Straight From The Teet 035 [7 Albums, 7 Days]

Straight From The Teet 035 [7 Albums, 7 Days]

I would first like to send my condolences over to all the families who were unfortunately effected by this week's terrible east coast storm. Being from Connecticut myself, I know how odd it is to see massive flooding in areas that have never experienced something so violent before. To all of my readers who might have been affected by this, I am extremely sorry and I wish you the best. If anyone can contribute to helping out those who are far less fortunate, we here at EARMILK would truly appreciate it and I know that all who lost loved ones and homes in the storm are too. Thank you from the bottom of our hearts here at EARMILK.com.

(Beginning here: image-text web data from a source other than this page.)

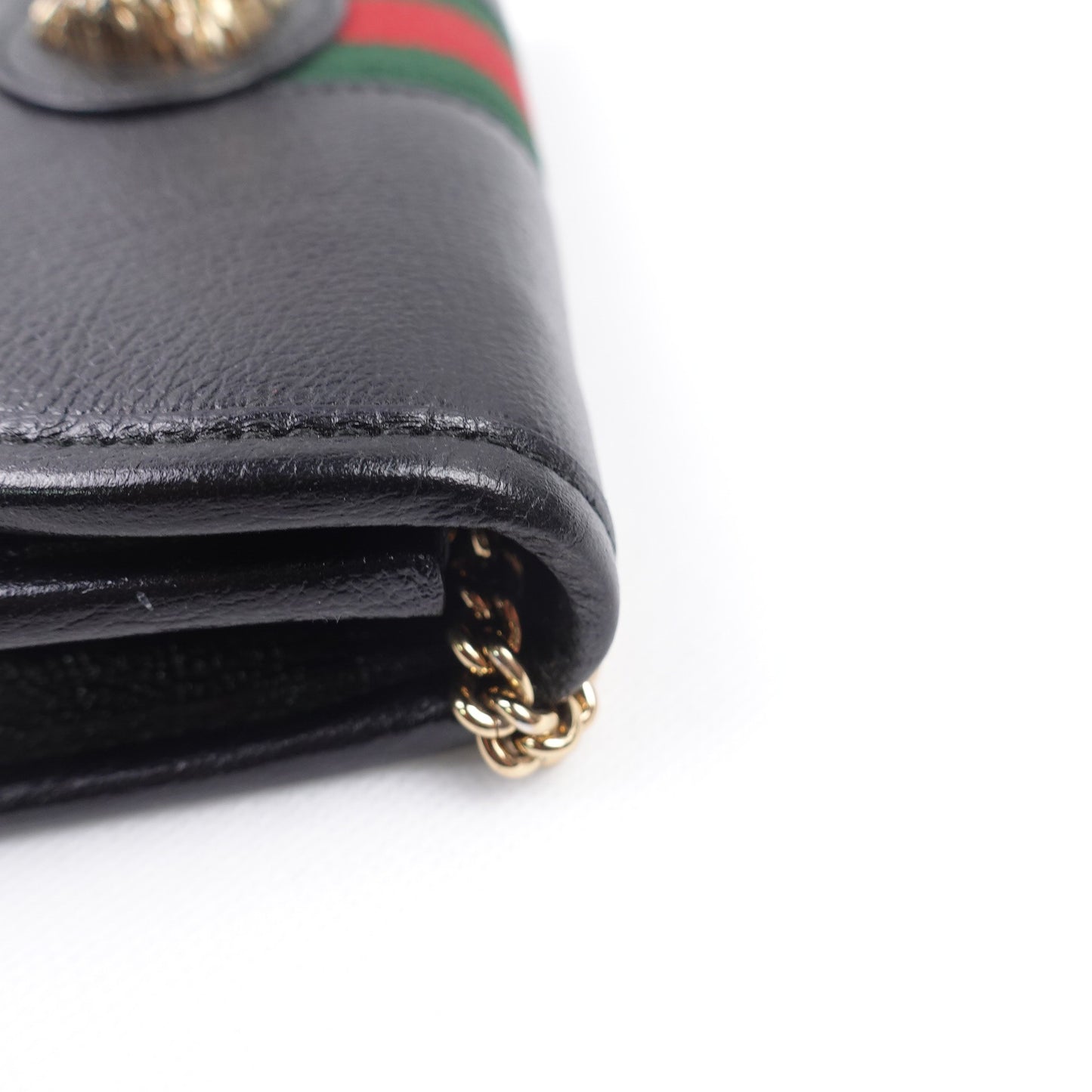 Pre-owned Gucci Rajah Black Calfskin Shoulder Bag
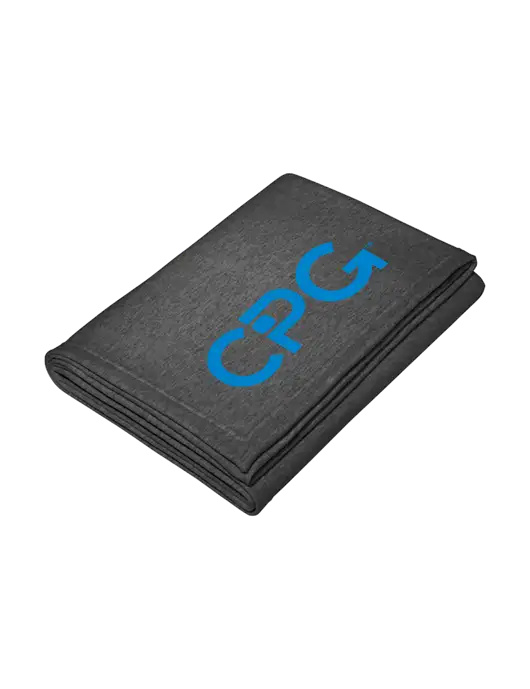 Core Dark Grey Heather Fleece Sweatshirt Blanket w/CPG Logo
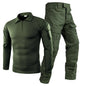 Tactical Uniform Suits Milit Outdoor Camouflage Suit Hunting Shirts Pants Fish Trainning Airsoft Paintball Clothes Sets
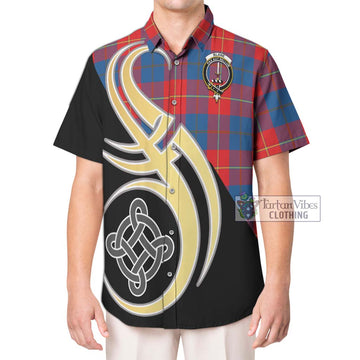 Blane Tartan Hawaiian Shirt with Family Crest and Celtic Symbol Style Kid - Tartan Vibes Clothing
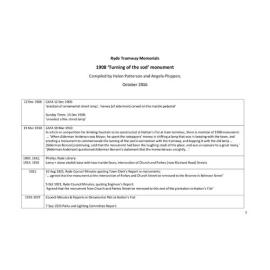 Ryde Tramway Memorials: 1908 "turning of the sod"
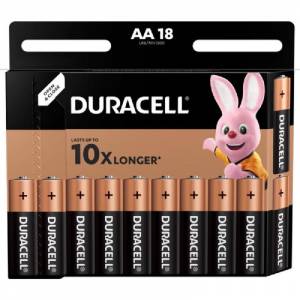 Батарейки Duracell Basic пальчиковые АА LR6 (18 штук в упаковке)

True fans of music spend countless hours searching for that next great song, album or artist, whether it be online or in a local record shop. The beautiful thing about music in today’s age is that technology has created an infinite supply of great music that is available to us at the click of a mouse. How perfect is that? We can discover a brand new artist on the opposite side of the globe in seconds without a radio or a music television channel. It only makes sense that a website so dedicated to this gorgeous universe of music would want to celebrate the greatness and share it with anyone who is looking.

My name is Eric and I am your host of Straight from the Teet, where I will delve into 7 new albums per week as well as 1 randomly chosen throwback record and let you know which tracks I loved from the albums I listened to. I hope that my exploration through this never-ending sea of music will help satisfy that hunger for the brand new tracks you have been seeking.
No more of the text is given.